* _EXERCISE DETAILS_:
Pictures excluded, return every entry exactly, please.

* _DATA RECORDS_:
###
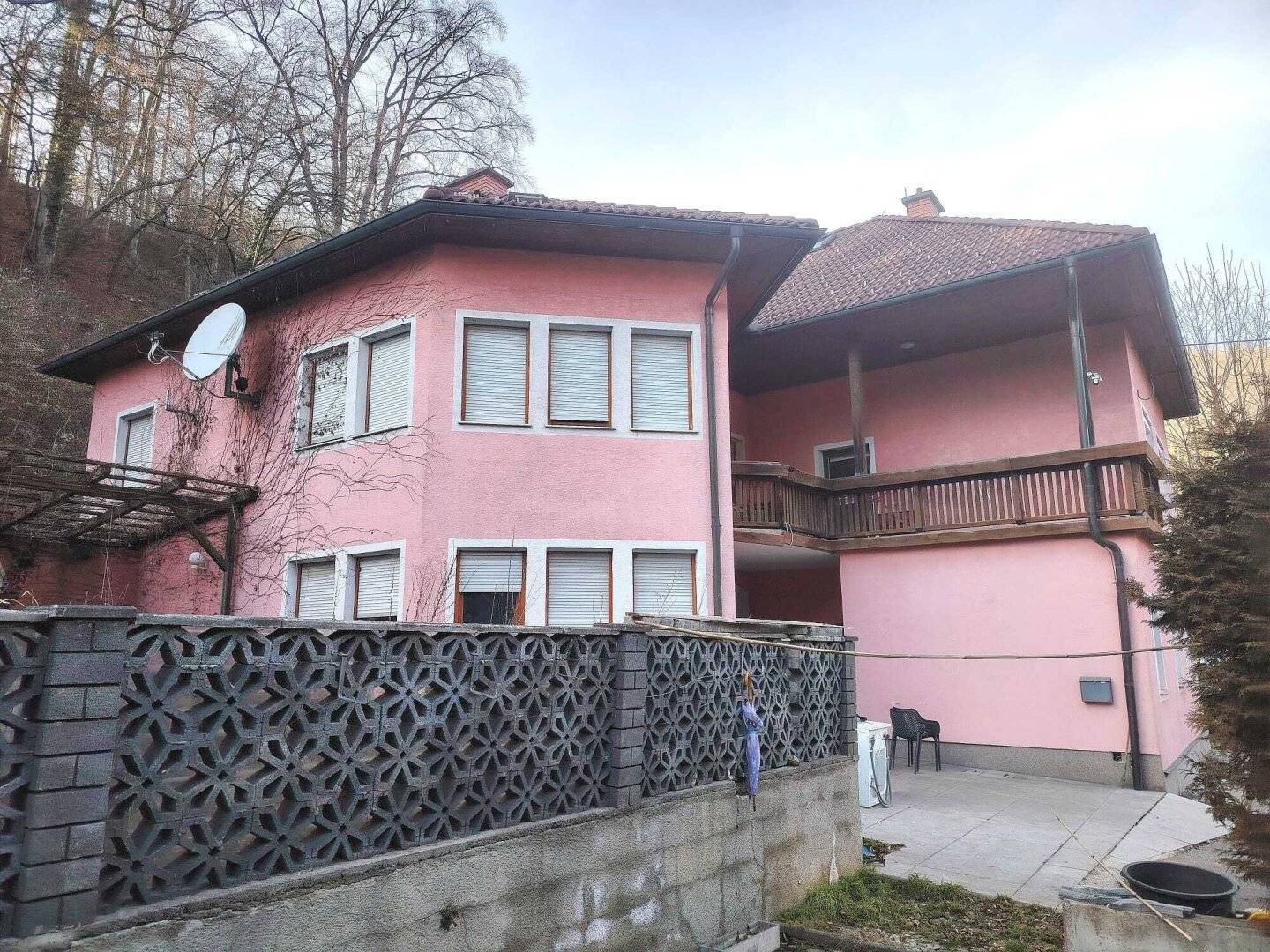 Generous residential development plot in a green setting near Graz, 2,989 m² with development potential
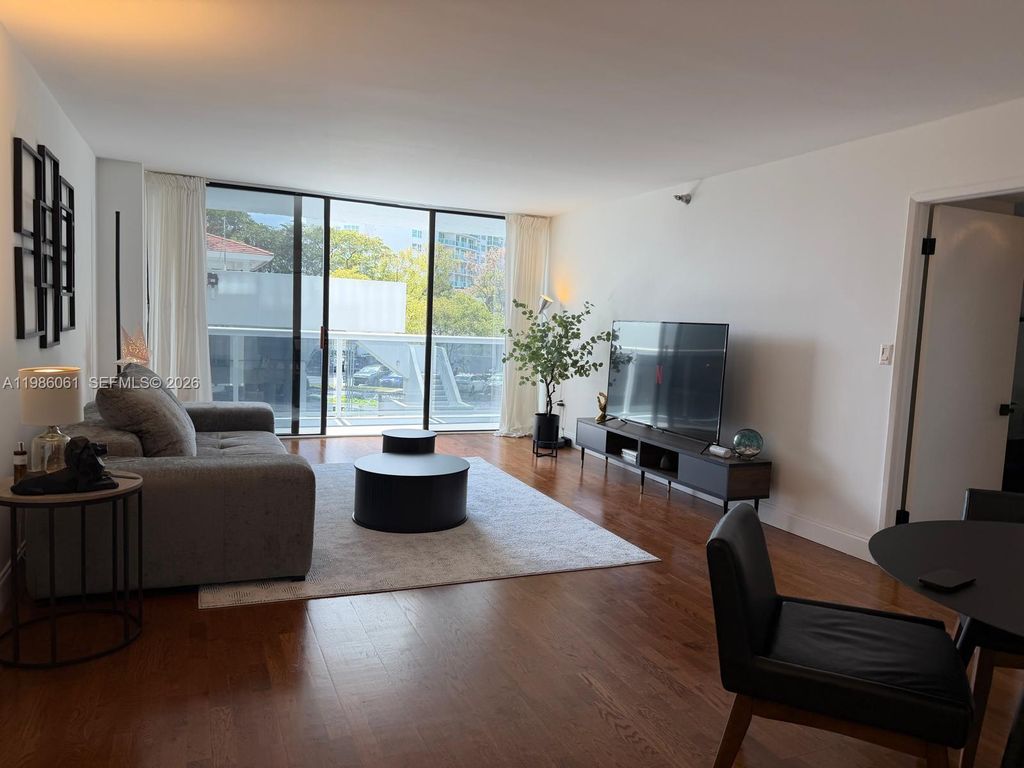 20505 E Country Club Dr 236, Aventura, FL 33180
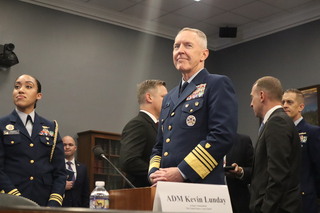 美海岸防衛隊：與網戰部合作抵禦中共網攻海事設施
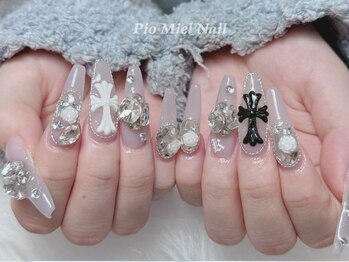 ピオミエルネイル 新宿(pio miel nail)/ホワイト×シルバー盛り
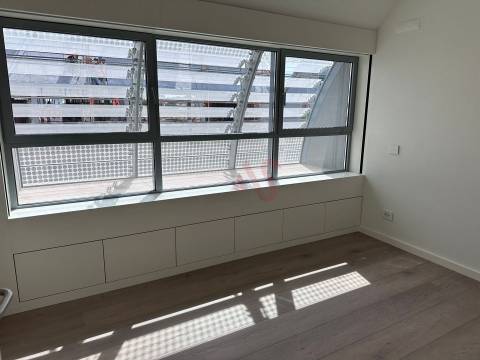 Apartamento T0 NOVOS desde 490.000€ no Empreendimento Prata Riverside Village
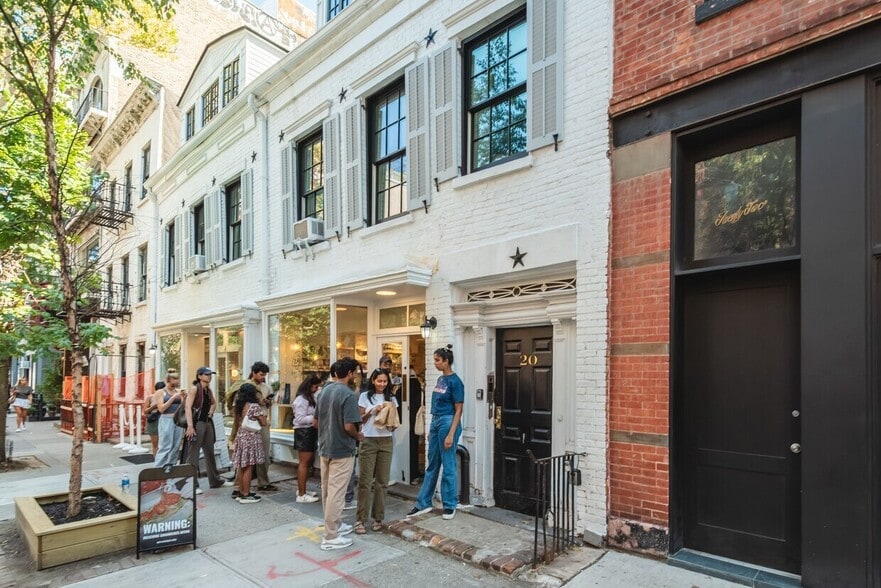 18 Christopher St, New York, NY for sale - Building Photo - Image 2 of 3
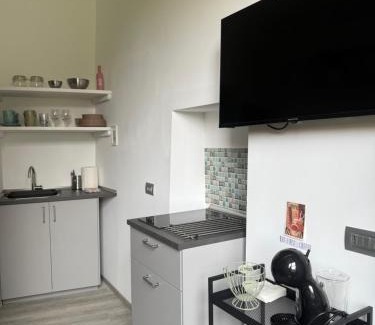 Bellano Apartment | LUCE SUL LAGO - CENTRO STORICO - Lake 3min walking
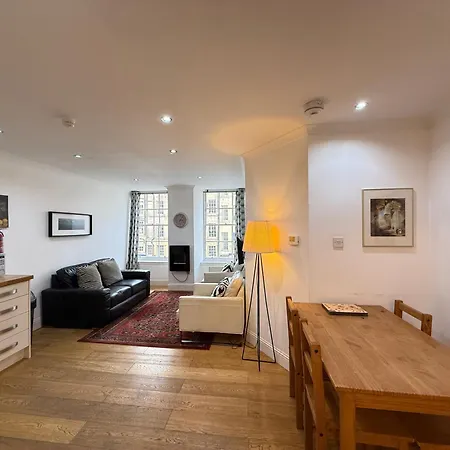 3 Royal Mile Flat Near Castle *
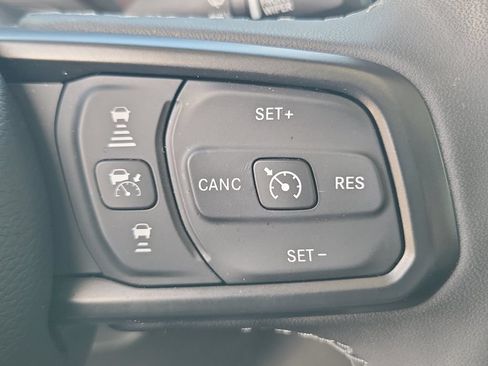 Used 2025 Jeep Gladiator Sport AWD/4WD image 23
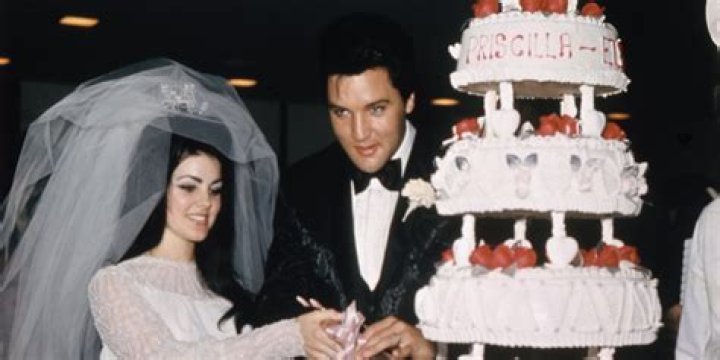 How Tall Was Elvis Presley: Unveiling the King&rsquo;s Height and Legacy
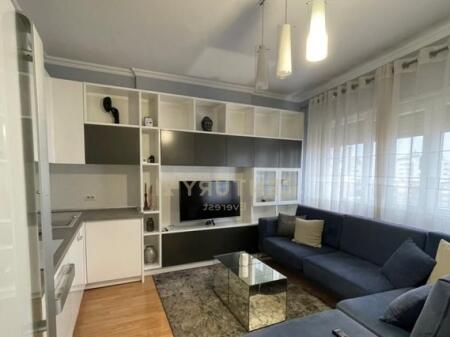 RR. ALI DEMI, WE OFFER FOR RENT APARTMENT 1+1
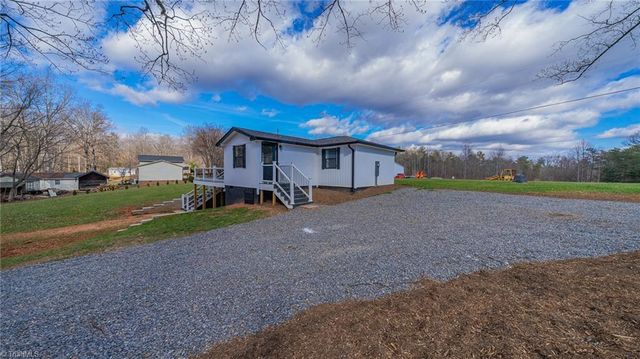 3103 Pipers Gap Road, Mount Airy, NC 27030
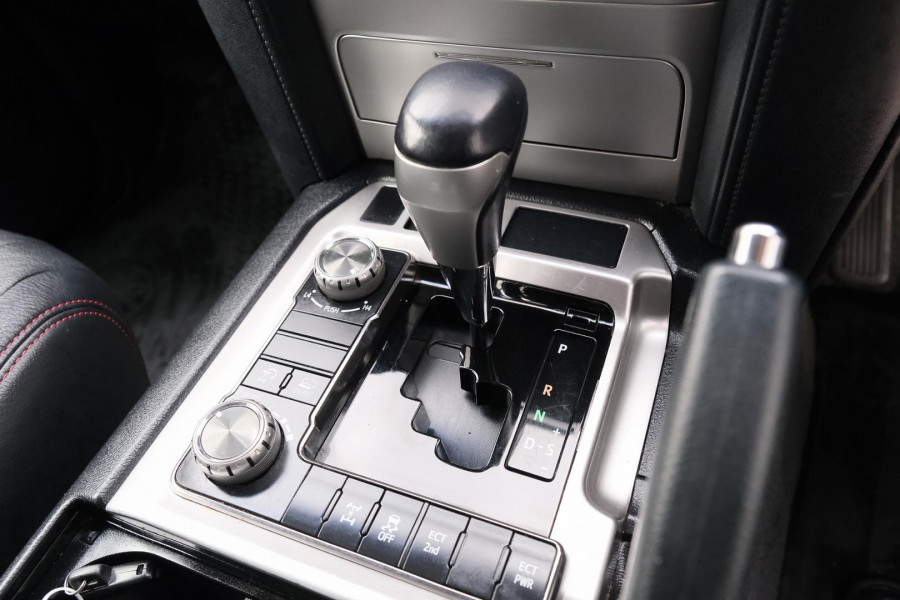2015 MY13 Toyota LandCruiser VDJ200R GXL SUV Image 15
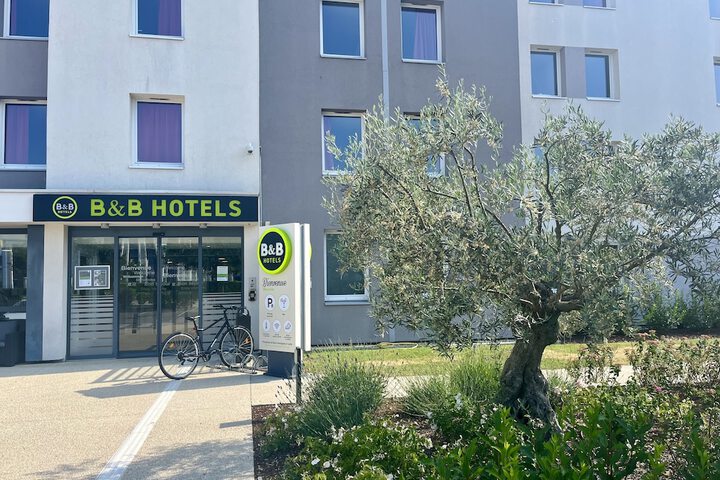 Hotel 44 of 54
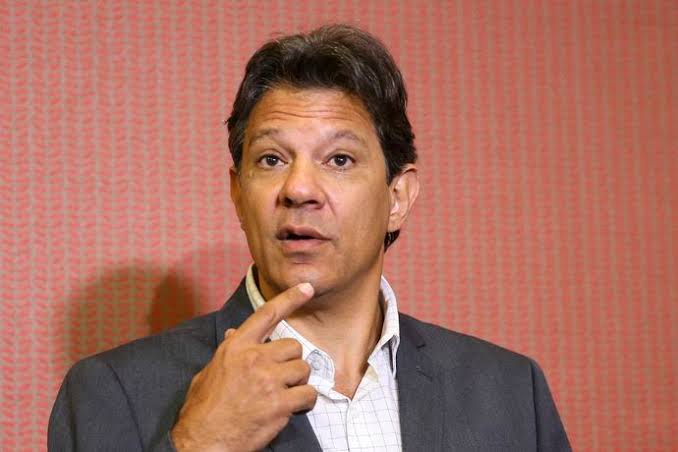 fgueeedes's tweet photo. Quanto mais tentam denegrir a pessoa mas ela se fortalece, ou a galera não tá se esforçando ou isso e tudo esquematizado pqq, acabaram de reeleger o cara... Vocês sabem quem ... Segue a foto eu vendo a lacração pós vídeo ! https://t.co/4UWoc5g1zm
###
* _PROBLEM SOLUTION_:
 Generous residential development plot in a green setting near Graz, 2,989 m² with development potential
 20505 E Country Club Dr 236, Aventura, FL 33180
 美海岸防衛隊：與網戰部合作抵禦中共網攻海事設施
 ピオミエルネイル 新宿(pio miel nail)/ホワイト×シルバー盛り
 Apartamento T0 NOVOS desde 490.000€ no Empreendimento Prata Riverside Village
 18 Christopher St, New York, NY for sale - Building Photo - Image 2 of 3
 Bellano Apartment | LUCE SUL LAGO - CENTRO STORICO - Lake 3min walking
 3 Royal Mile Flat Near Castle *
 Used 2025 Jeep Gladiator Sport AWD/4WD image 23
 How Tall Was Elvis Presley: Unveiling the King&rsquo;s Height and Legacy
 RR. ALI DEMI, WE OFFER FOR RENT APARTMENT 1+1
 3103 Pipers Gap Road, Mount Airy, NC 27030
2015 MY13 Toyota LandCruiser VDJ200R GXL SUV Image 15
 Hotel 44 of 54
 fgueeedes's tweet photo. Quanto mais tentam denegrir a pessoa mas ela se fortalece, ou a galera não tá se esforçando ou isso e tudo esquematizado pqq, acabaram de reeleger o cara... Vocês sabem quem ... Segue a foto eu vendo a lacração pós vídeo ! https://t.co/4UWoc5g1zm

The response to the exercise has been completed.